Sarah Palin sits there gloating in the audience, tacitly reminding her Mama Grizzlies to prove she’s got clout by calling in and shredding what’s left of Dancing with the Stars’ credibility.
There’s NO WAY IN HELL Bristol Palin should be one of the top 3 dancers in the finals next week. For 7 WEEKS OUT OF 9, she has been at or near the bottom of judges’ scores, including this week. Yet Brandy, who has danced better than Bristol since Week 1, got the boot, narrowing it down to Bristol, Jennifer Grey, and Kyle Massey.
Granted, dancing has made Bristol more outgoing, but her routines are still beginner stuff, and she has remained chubby. Either rumors she’s pregnant again are true, or she’s not working at it very hard.
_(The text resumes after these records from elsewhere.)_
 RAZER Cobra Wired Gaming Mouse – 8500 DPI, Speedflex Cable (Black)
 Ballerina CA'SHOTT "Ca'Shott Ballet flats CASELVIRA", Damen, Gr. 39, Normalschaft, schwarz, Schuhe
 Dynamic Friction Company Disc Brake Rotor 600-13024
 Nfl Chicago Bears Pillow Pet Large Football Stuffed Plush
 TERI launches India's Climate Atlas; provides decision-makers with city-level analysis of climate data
Many past contenders have lost weight and gotten into shape, and it shows. Not so with Bristol.
Bristol rationalizes that her popularity is due to ordinary people identifying with her. Sorry, kid. Mom and her Grizzlies are trying to buy you a trophy you simply don’t deserve, and they’re shafting much better dancers to do it. You guys are fooling nobody.
DWTS has always been a toss-up dance/popularity contest. But after this flaming fiasco, future contestants might as well skip the aches and blisters. Dancing well has nothing to do with the outcome.
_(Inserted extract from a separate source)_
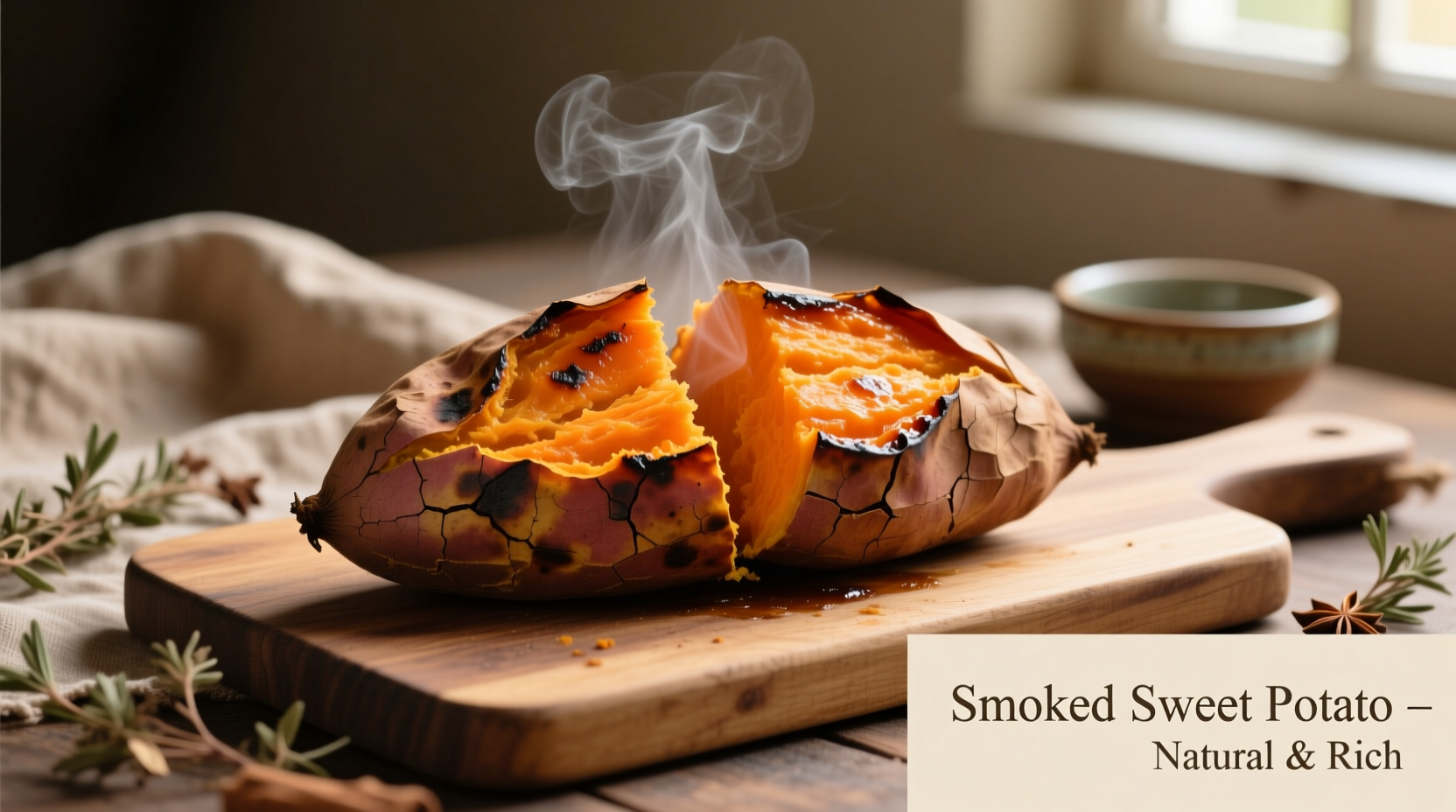 Perfect Smoked Sweet Potato: Temperature, Time & Wood Guide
Bristol’s partner, Mark Ballas, undoubtedly knows they don’t belong in the finals. In Bristol’s paso doble “solo” bit, he just had her stalk the floor like a giant bat. Even on a good night, Bristol’s footwork is sloppy, if she remembers it.
The judges have probably been ordered to ignore all her shortcomings, because instead they gush about how much Bristol has “blossomed.”
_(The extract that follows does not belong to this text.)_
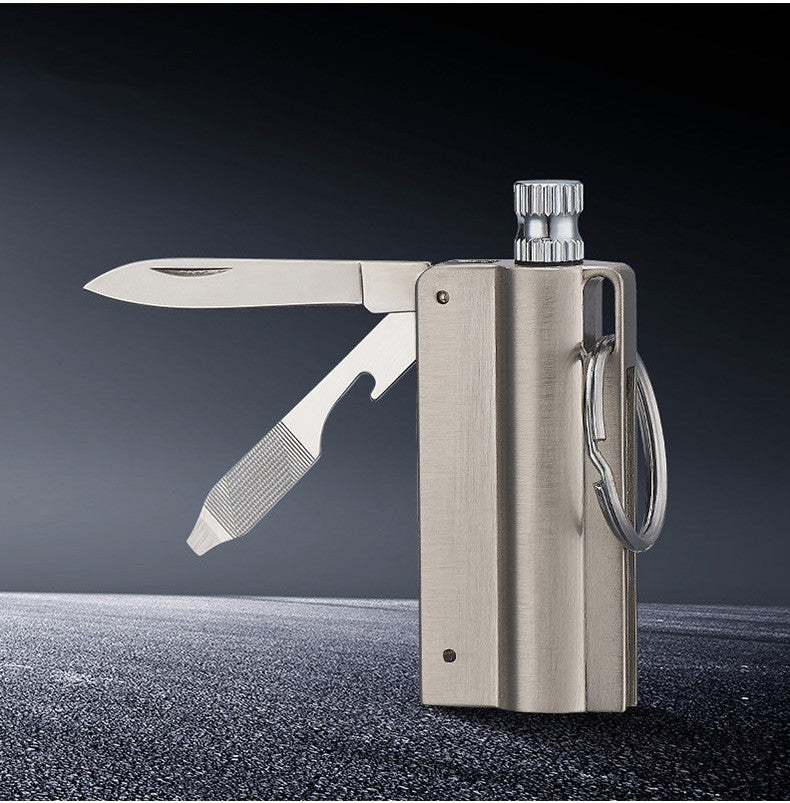 Lighter With Knife 10000 Times Reuseable Callipson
The Tea Party has an undeniable death grip on this season. They’d vote for Bristol if she fell on her face and crawled. Palin proudly told People magazine she’s been paying for people from Alaska to fill the audience and cheer for Bristol.
ABC can bask in their high ratings now, but selling out to Palin this season may spell the beginning of the end of DWTS.